Out of the 12 students enrolled in the course, five went on to compete in New York City in the preliminary round and the semifinals: Michael Donnelly ’20 of Mansfield, Massachusetts; Ryan Donohue ’20 of West Milford, New Jersey; Natalie Herwood ’20 of Stowe, Vermont; Kai Jensen ’21 of Montclair, New Jersey; Ross MacMahon ’21 of Lunenburg, Massachusetts; Garnet Remillard ’20 of Syracuse, New York; Ben Smith ’20 of Westborough, Massachusetts; and Alex Terry ’20 of Hopkinton, Massachusetts.

Charles A. Dana Professor of Economics Cynthia Bansak, a former economist at the Board of Governors of the Federal Reserve System, has spent more than a decade equipping St. Lawrence students with the tools and knowledge they need for success in the field of economics through her Fed Challenge course.

“Teaching classes about the Fed is extremely important because the Fed is complicated,” she says. “Students see it in different classes along the way. They'll see it in introductory classes, and intermediate macroeconomics. And I think a lot of people are intimidated by understanding it and trying to delve deep into the inner workings of what the Fed does and the mechanics of it.”

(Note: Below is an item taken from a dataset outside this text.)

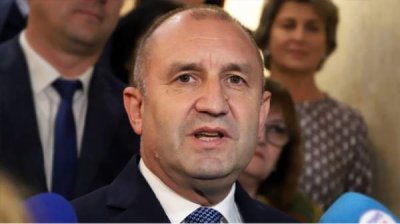 Второй президентский срок Румена Радева &ndash; заявление на более активное участие в общественно-политической жизни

One way she has done that has been the structure of the class itself. “This class is unique because we don’t have a textbook,” explains Natalie Herwood ’20. “Our texts are the Wall Street Journal, the Bloomberg Terminal, and current events. This class has prepared us for the workforce because it helped us develop good habits like reading the news every morning, always knowing the current unemployment rate and knowing what the Fed Funds rate is doing.”

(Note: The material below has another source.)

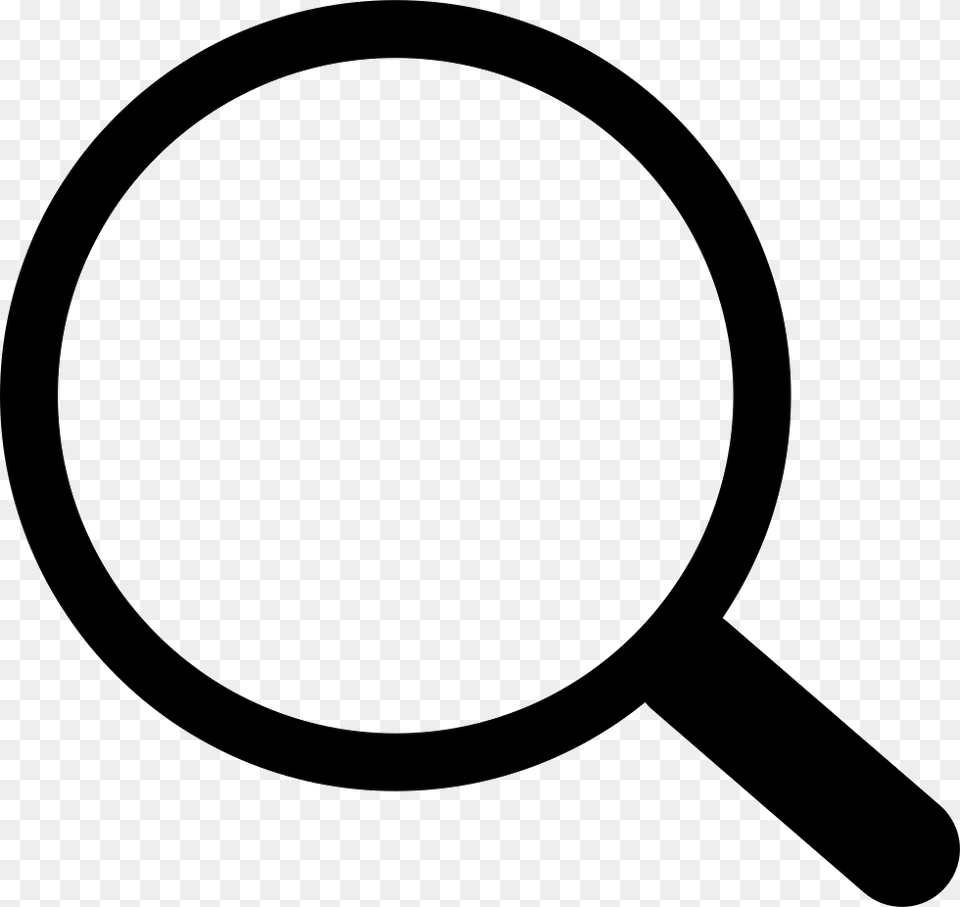 Magnifier Grey Search Icon, Magnifying Free Transparent Png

A course like St. Lawrence’s Fed Challenge that is based on constantly-changing dynamics and data can’t be limited to their regular class time on Tuesdays and Thursdays. Throughout the semester, the students and professors spent countless late nights collaborating at the Owen D. Young Library as they researched, planned, and practiced their presentations for the challenge.

They learn a lot of transferable skills,” Bansak says. “Sharing documents, planning ahead and helping each other in a team-based learning type of environment using all sorts of technology helps develop camaraderie and collegiality between the students and the faculty that is unrivaled.”

That camaraderie was critical for success in New York City, where the team gave a 15-minute presentation consisting of their findings of the current state of the economy, its risk factors, the team’s projections, and their monetary policy recommendation, followed by 15 minutes of questions from the judges.

Another highlight for the class has been the support they have had from the Laurentian community as they prepared for competition. In addition to Bansak and Assistant Professor of Economics Shuwei Zhang, Lynn Smith Fox, spouse of President William L. Fox ’75 and former senior official of the Federal Reserve Board of Governors, offered her expertise, as did numerous St. Lawrence alumni working in finance who met with the class and made themselves available for video chats throughout the process.

“One of the most important parts of the class has been St. Lawrence’s alumni network,” says Ryan Donohue ’20. “They helped us shape our presentation and allowed us to bounce ideas off of them as well as formulate our answers for the Q&A part, which gave us the chance to really formulate our answers and think about things more deeply. Their willingness to help our class get really involved with the whole process is something that’s really special about the St. Lawrence alumni network.”

As students taking the course reflected on the past semester’s experience, they note how their St. Lawrence liberal arts experience has inspired them to get excited about sharing complex data with others in compelling ways.

“One of the best pieces of advice I learned during this class was that I need to be able to take the data and tell a story,” says Jack Gorman ’22. “You might have all of this data and information from your sources, but if you can’t string it together in a meaningful way, it’s not going to mean anything to anyone. It’s important to be able to articulate why it all matters.”